The Fish Lake Nature Trail, also known as the John A. Harstaad Interpretive Trail, is dedicated to the memory of Cedar Creek scientist and naturalist John Harstaad. This trail winds through several distinct ecosystems along its 1.5 mile (one way) path. Hikers first pass through a sand prairie on the way from the parking lot to the lake. Turning left at the lake leads through a bur oak savanna where red-headed woodpeckers nest and feed. Continuing around the south end of the lake, there is a cattail wetland on the left and the lake on the right. Sandhill cranes and water birds are commonly visible in this section. Traveling on to the southwest corner, one comes to the beginning of a deciduous forest and then to the first of four boardwalks crossing the cattail marshes. The trail ends in the forest and the return journey features the parade of ecosystems in reverse.

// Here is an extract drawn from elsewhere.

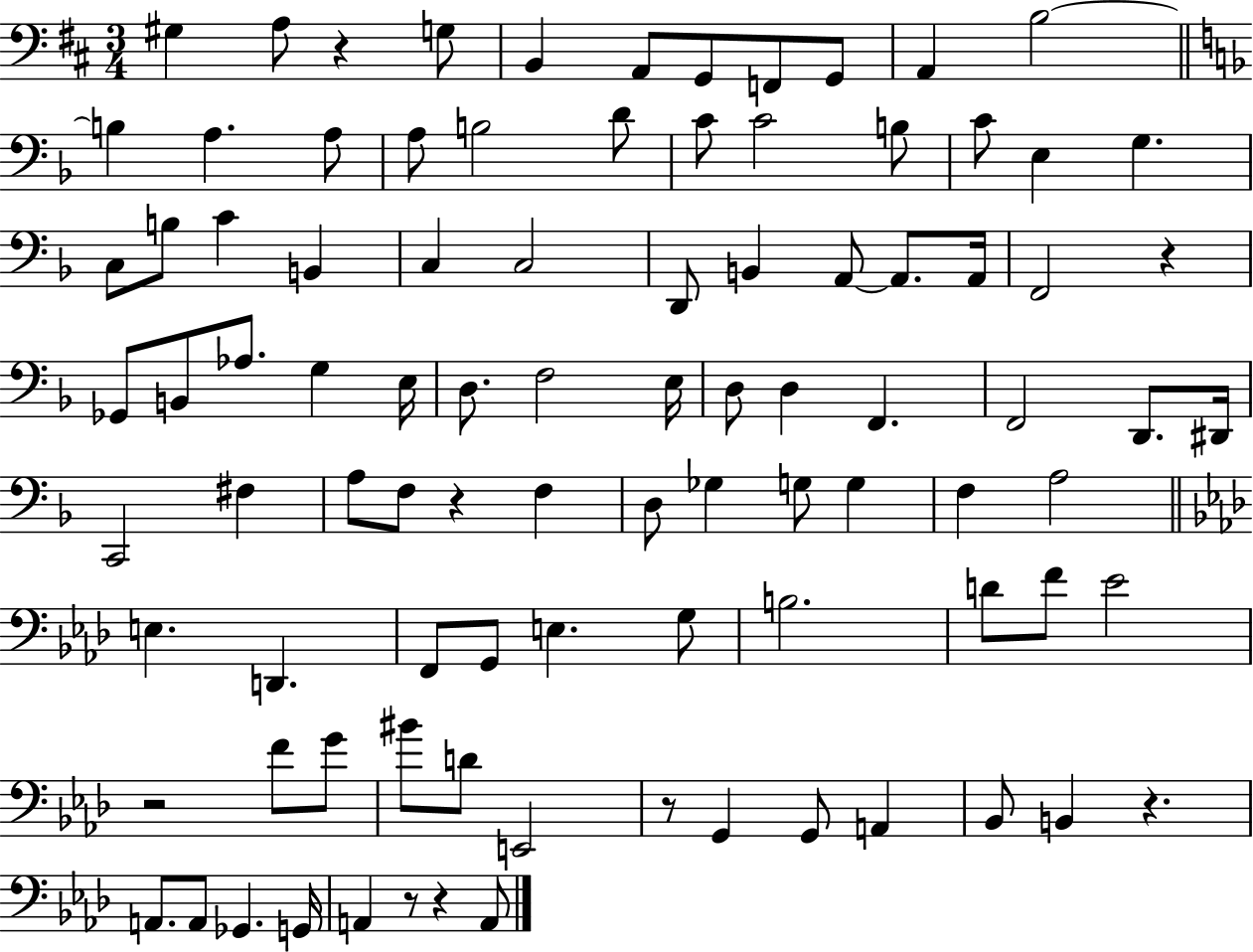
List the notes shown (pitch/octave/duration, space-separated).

G#3/q A3/e R/q G3/e B2/q A2/e G2/e F2/e G2/e A2/q B3/h B3/q A3/q. A3/e A3/e B3/h D4/e C4/e C4/h B3/e C4/e E3/q G3/q. C3/e B3/e C4/q B2/q C3/q C3/h D2/e B2/q A2/e A2/e. A2/s F2/h R/q Gb2/e B2/e Ab3/e. G3/q E3/s D3/e. F3/h E3/s D3/e D3/q F2/q. F2/h D2/e. D#2/s C2/h F#3/q A3/e F3/e R/q F3/q D3/e Gb3/q G3/e G3/q F3/q A3/h E3/q. D2/q. F2/e G2/e E3/q. G3/e B3/h. D4/e F4/e Eb4/h R/h F4/e G4/e BIS4/e D4/e E2/h R/e G2/q G2/e A2/q Bb2/e B2/q R/q. A2/e. A2/e Gb2/q. G2/s A2/q R/e R/q A2/e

Special thanks to the City of East Bethel, friends and supporters of Cedar Creek, and the Legislative-Citizen Commission on Minnesota Resources for providing funding for this project.

Year-round activities

  • Birding — The Fish Lake Nature Trail provides ample opportunities for birders of all levels to see something interesting! More than 190 species have been documented from the trails over the last few years, thanks to the variety of habitats the trail passes through. You can track (and contribute!) recent sightings on our eBird hotspot.
  • Geocaching — Five geocaches are placed along the trail. Bring your own GPS and see if you can locate them! For coordinates, visit the official geocaching website "Geocaching" or download this brochure from the City of East Bethel listing the codes for the five Fish Lake caches as well as several others around the city.
  • Reporting on iNaturalist — Are you an iNaturalist user? These habitats are home to a diverse assemblage of plants and animals. Any observations you upload from the trail will automatically be added to the project! Check out some of what you might see on our iNaturalist project, Biodiversity of Cedar Creek.

Rules and regulations

  • Day use only (sunrise to sunset)
  • Park only in designated areas (please do not park along Durant St.)
  • Deposit all trash in available receptacles.
  • No fires allowed
  • No smoking anywhere on University property, including trails, roads and gazebo
  • Stay on designated trails
  • No motorized vehicles, including ATV’s, dirt bikes, and snowmobiles
  • No bicycles
  • No dogs
  • No firearms, hunting, or collecting
  • No alcohol
  • No motorboats on lake (canoes allowed)

Please note: These trails are interpretive and/or nature trails. Please treat them as such, respecting the research and wildlife in the area.

Seasonal activities

Boating on Fish Lake

Non-motorized boats are welcome on Fish Lake. Launch from the east side of the lake, at the end of the path from the parking lot, or at the north side of the lake along Fawn Lake Drive near the intersection with Durant St. (unimproved launch site). Please be respectful of wildlife when using the lake.

Cross-country skiing

When the ground is snow covered, we invite you to snowshoe or cross-country ski the Savanna Loop Ski Trail, a 2-mile loop along internal sand roads. These trails are open to public access only in the winter; during the rest of the year they are used for research and are therefore closed to hikers unless otherwise marked. The trail may or may not be groomed depending on staff availability.

Bison trail 

The bison have returned to their winter home in Wisconsin, and the Bison Trail is currently closed. This 1-mile (one way) trail extension heading south from Fish Lake is open to the public daily in the summer from 8 a.m. - 4:30 p.m. It leads, via sand roads, to the a viewing gazebo which is staffed by trained interpretive naturalists on the weekends. During the week, enjoy a self-guided hike, read interpretive signs, birdwatch and pick up a brochure to learn more about oak savanna and bison research. On the weekends, naturalist volunteers will be on hand with fur, bones, a bison skull and lots of information about the species and the project. The gazebo is also a wonderful place to birdwatch.